My respect for Asian chefs — Japanese in particular — has always surpassed my feelings for many of their European and American counterparts. Not because they work harder or are better cooks (which may or may not be true), but because they readily make sacrifices we round eyes are unwilling to suffer.

Everyone from Wolfgang Puck to your average line cook loves to give lip service to opening a “small, personal restaurant where I can cook my food for friends and others who appreciate it,” but that’s a bunch of hooey (dished to credulous critics and such) and they know it. Truth be told, once you’ve got a taste for casino money — whether as an employee or owner — the idea of risking it all for the uncertainty of running your own, barely profitable business is a gamble very few want to take.

Except for Asian chefs — Japanese in particular.

Consider these facts: What Mitsuo Endo started with Raku in January 2008 has spawned Monta, Nakamura Ya, Izakaya Go, Kabuto, Fish N Bowl, Kyara, Ramen Sora, Japaneiro, Inyo, and Yui Edomae Sushi, among others. With the exception of a few downtown joints (Bradley Manchester’s Glutton, Kerry Simon/Cory Harwell’s Carson Kitchen, and Daniel Krohmer’s Other Mama), nothing we gringos have done can come close to competing with this wave of Japanese authenticity and deliciousness. (Sure, there were plenty of sushi bars around before the crash of ‘o8, and many are still with us, but most of them are owned by Koreans pushing California and spicy tuna rolls on customers so gastronomically timid, they make my Aunt Edna look like Toshiro Mifune.)

You can now add another feather into this bonnet of Nipponese industriousness with the opening of Hiroyoshi — the latest in our wave of edomae sushi restaurants that may be the biggest gamble, with the biggest payoff yet.

It’s by far the biggest Japanese gamble because it is, by far, the farthest from the economic eating engine that is Spring Mountain Road. By several miles in fact.

In fact, Hiroyoshi is in such an obscure place for a restaurant of its quality, that you have to question the sanity of one Hiro Yoshi — formerly a sushi chef at Blue Ribbon — for taking over the space* to begin with.
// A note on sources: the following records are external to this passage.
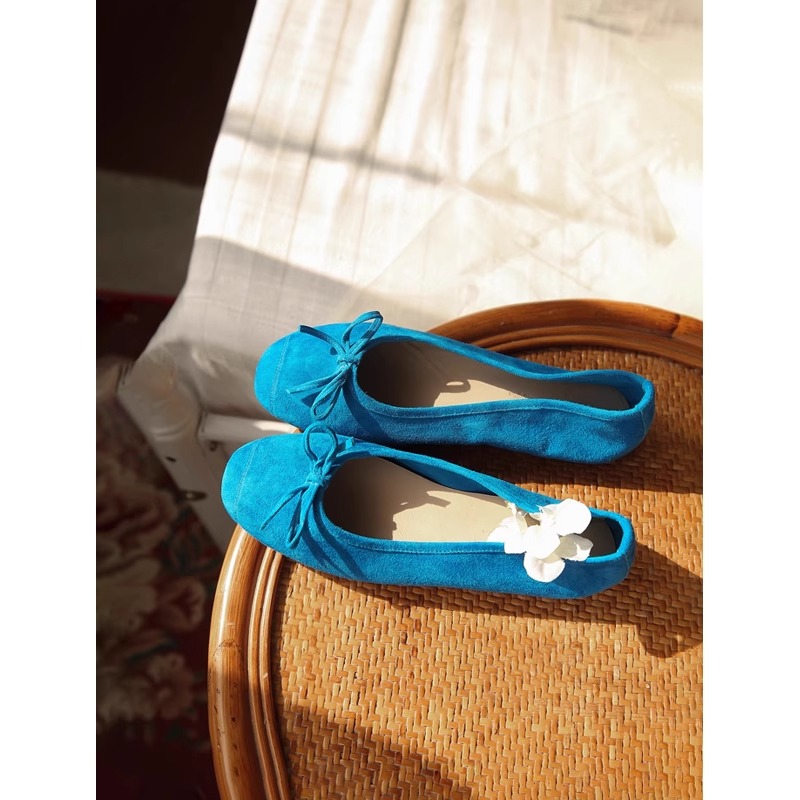 Artistic Shallow Mouth Ballet Flats - Genuine Leather Round Toe Bowknot Slippers for Versatile Style - Trendy Grandma Shoes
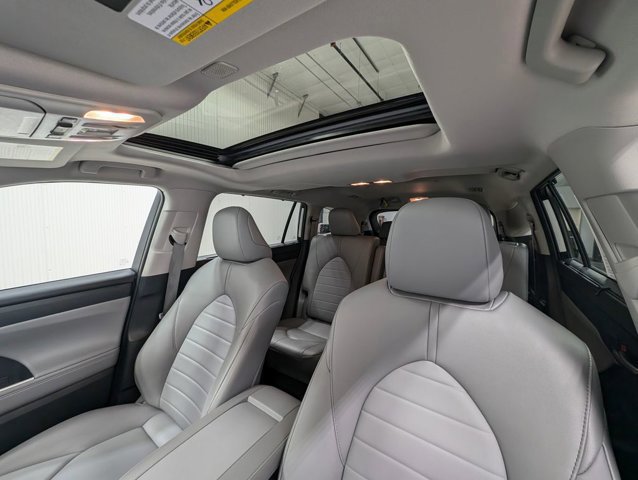 Used 2024 Toyota Highlander XLE image 8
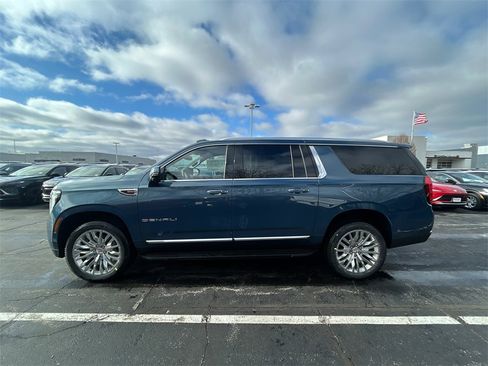 New 2026 GMC Yukon XL Denali image 5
But any doubts you have as to his sanity will evaporate the moment after you take your first bite.

Bear in mind, this is Tokyo-style sushi. The real deal. Fine fish, finely cut and served on rice so pure, you can count the grains in your mouth.
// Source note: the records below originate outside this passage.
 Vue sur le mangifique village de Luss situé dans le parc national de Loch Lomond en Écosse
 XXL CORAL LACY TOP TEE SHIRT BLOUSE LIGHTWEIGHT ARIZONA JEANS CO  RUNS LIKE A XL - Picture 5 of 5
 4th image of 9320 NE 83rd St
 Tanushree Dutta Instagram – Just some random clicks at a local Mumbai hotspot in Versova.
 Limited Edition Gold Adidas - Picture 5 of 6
As we’ve said when we’ve gone crazy-nuts for Kabuto and Yui: don’t even bother to show up if you’re the sort who eschews fresh fish for overwrought, inside-out sushi rolls. Of course, being no fool, Hiro-san includes some specialty rolls on his menu (unlike the purist temples just mentioned), but you can get a “Dragon Maki Mega Roll” anywhere.  If that’s your bag, Mr. and Mrs. Gaijin, Sushi Fever and Osaka are just up the road. Here, you come to see Hiro’s knife work, and to eat impeccable fresh fish on even more impeccably seasoned rice:


Or to enjoy this umami-bomb of grilled cod with mushrooms:

…or to watch him compose this drop-your-chopsticks, intricate sashimi plate:


For the truly adventuresome among you, there’s also these chewy, gelatinous strands of jellyfish — containing more texture than taste — which will bolster your street cred among the Bizarre Foods crowd.
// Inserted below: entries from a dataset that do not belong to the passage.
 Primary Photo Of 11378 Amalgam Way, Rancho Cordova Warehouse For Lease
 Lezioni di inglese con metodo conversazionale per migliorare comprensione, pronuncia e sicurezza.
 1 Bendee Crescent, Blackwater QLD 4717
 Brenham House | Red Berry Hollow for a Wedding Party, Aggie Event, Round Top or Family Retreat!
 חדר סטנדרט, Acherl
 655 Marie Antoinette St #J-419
…as will this unagi (eel) tucked inside of savory tamago (egg):


All of which were part of an $85/pp omakase that stands up to anything Yui or Kabuto can throw at you…and which puts most sushi on the Strip to shame.

Put it all together and you have a neighborhood sushi bar** that feels like it relocated from Shibuya. The fact that it also happens to be in ELV’s ‘hood (close to downtown) is also a plus, but the fact that it exists at all, and seems to be thriving, is a testament to how far our Japanese eating has come.

Which is a testament  to Japanese chefs and chef/owners, who are dedicated to their craft, rather than the cult of celebrity, and brave enough to put their money where your mouth is.

And I’ve yet to see a stupid tattoo on any of their forearms advertising how cool and tough they are.

There, I said it.

Our two meals for two came to $144 and $241 (including tip) — the latter one being the omakase meal and both including a small (375 ml) bottle of good sake. The sake and beer list is woefully small, but the selections are decent and not onerously priced. There are only thirty seats so booking ahead (especially on weekends) is a must.


5900 West Charleston Blvd.

Las Vegas, NV 89146



* Formerly occupied by a sushi bar of below-average quality, noteworthy only for the fact that the chef/owner once put my name on a wooden sake box (at another location in 1996), and spent every spare minute (when he wasn’t composing maki rolls) at the video poker machines next door.

** Domo arigato to Judge Bita Khamsi for putting us on to this place.